*Task goal*. Leave out the pictures and give back all the entries exactly as written.

*Information given*.
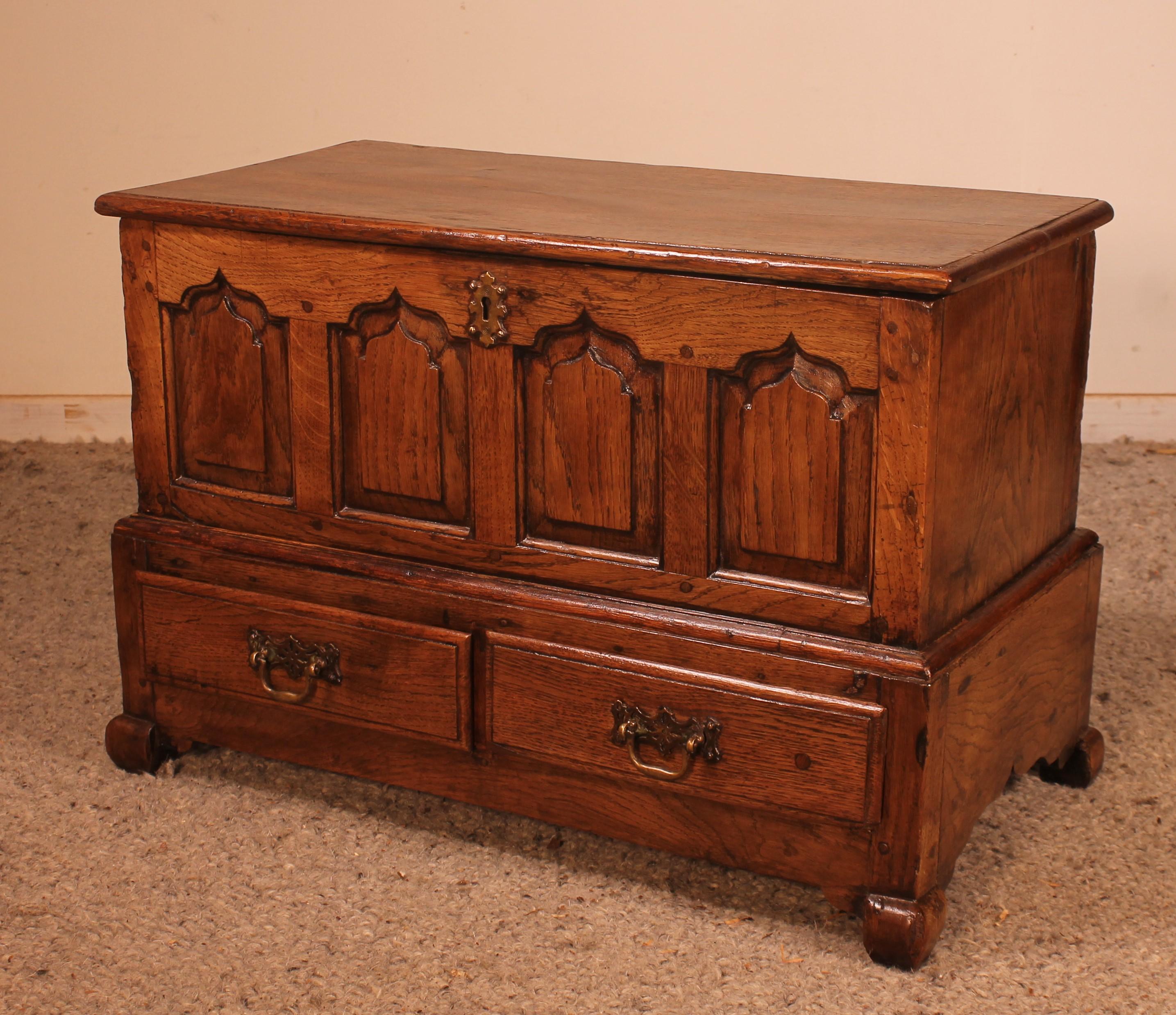18th Century and Earlier Small English Chest in Oak from the 18th Century For Sale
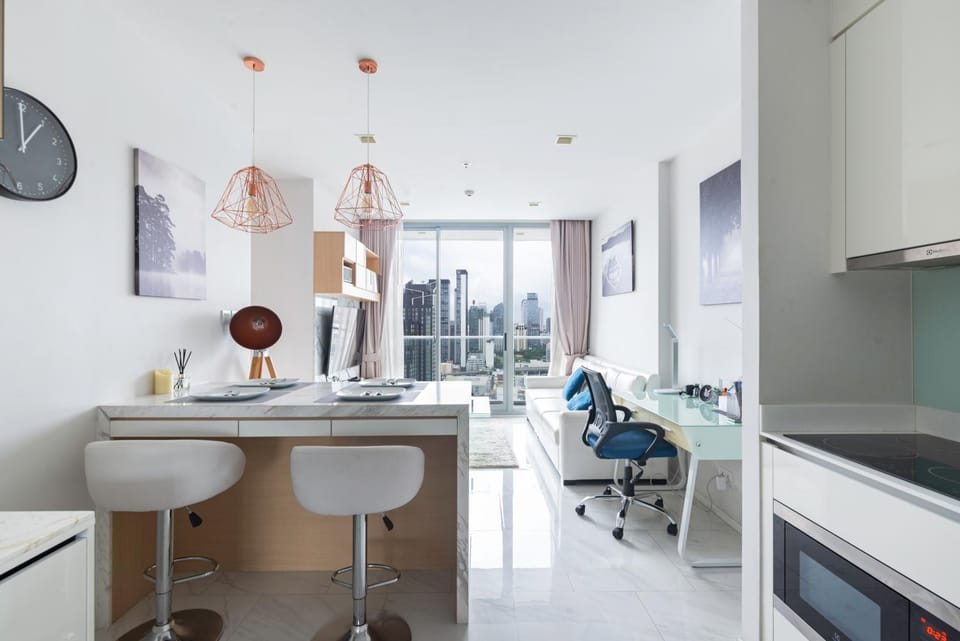 Kitchen or kitchenette, Living room, Dining area, minibar, stove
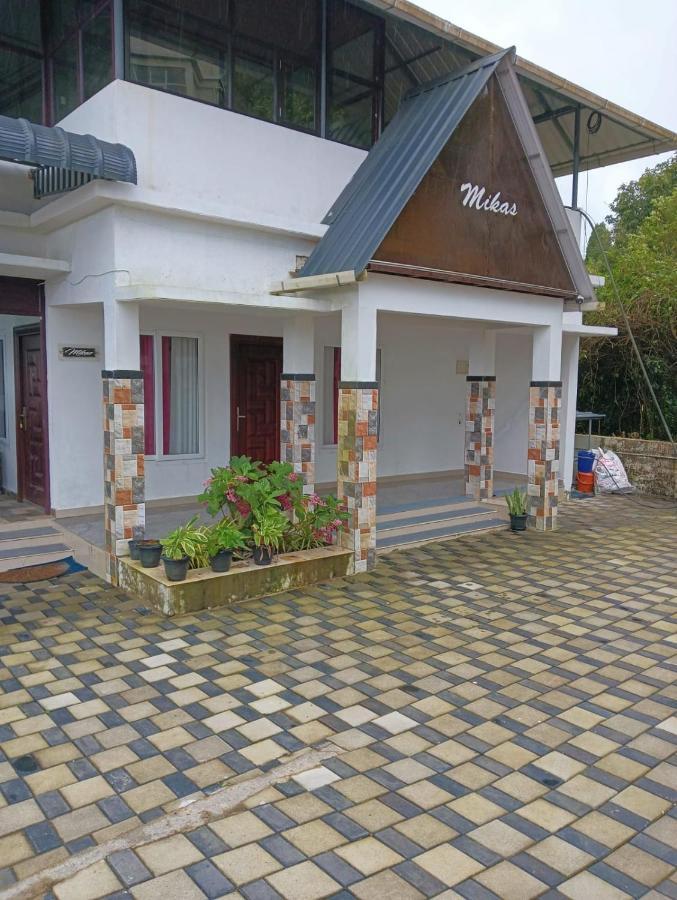 Mikas Apartment *
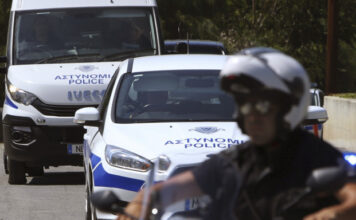 Σκότωσε τη γυναίκα του και τον γιο τους και εξαφανίστηκε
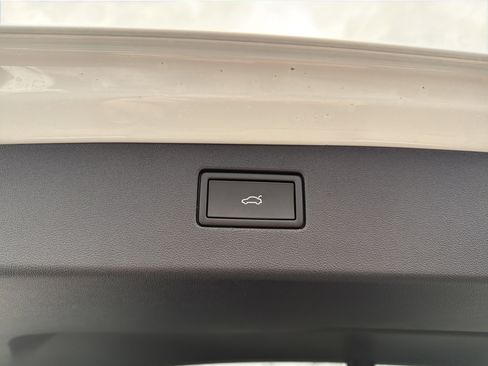 New 2026 Volkswagen Tiguan SEL R-Line image 27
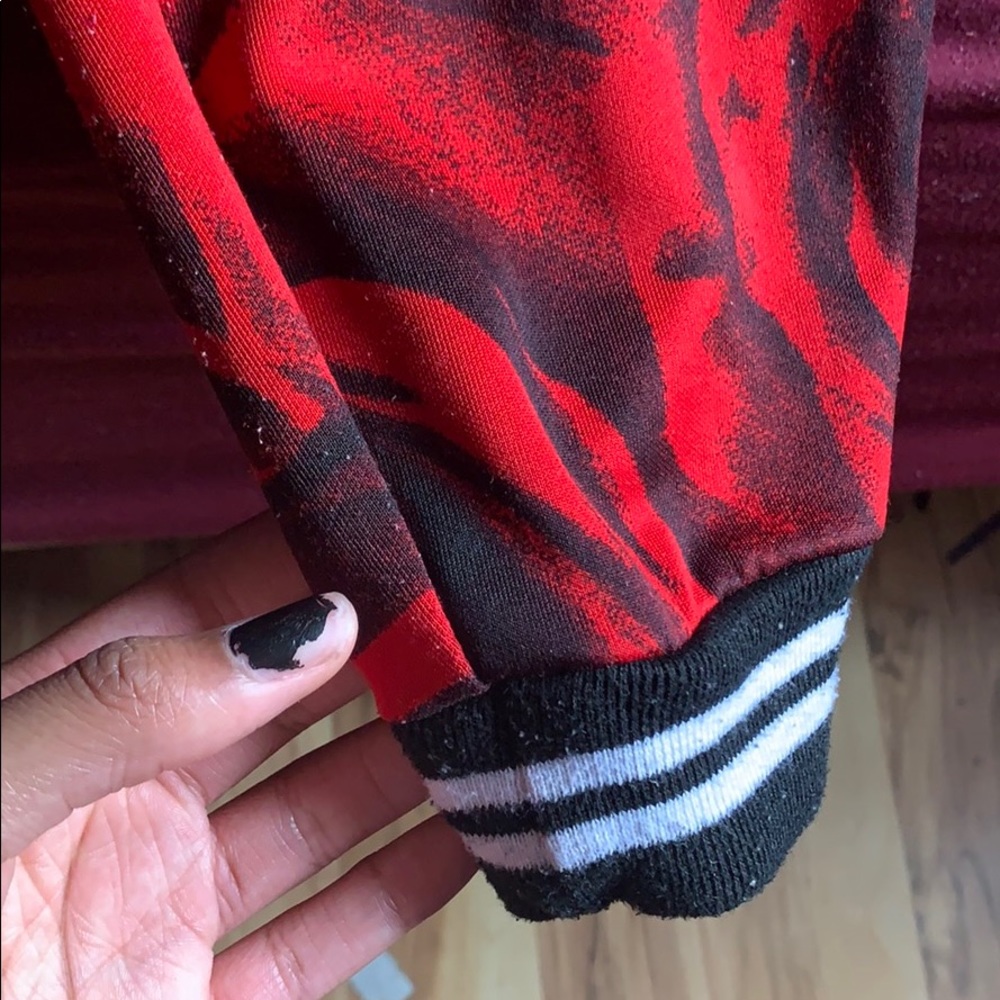 Tracksuit - Picture 3 of 4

*Answer section*.
18th Century and Earlier Small English Chest in Oak from the 18th Century For Sale
 Kitchen or kitchenette, Living room, Dining area, minibar, stove
 Mikas Apartment *
 Σκότωσε τη γυναίκα του και τον γιο τους και εξαφανίστηκε
 New 2026 Volkswagen Tiguan SEL R-Line image 27
 Tracksuit - Picture 3 of 4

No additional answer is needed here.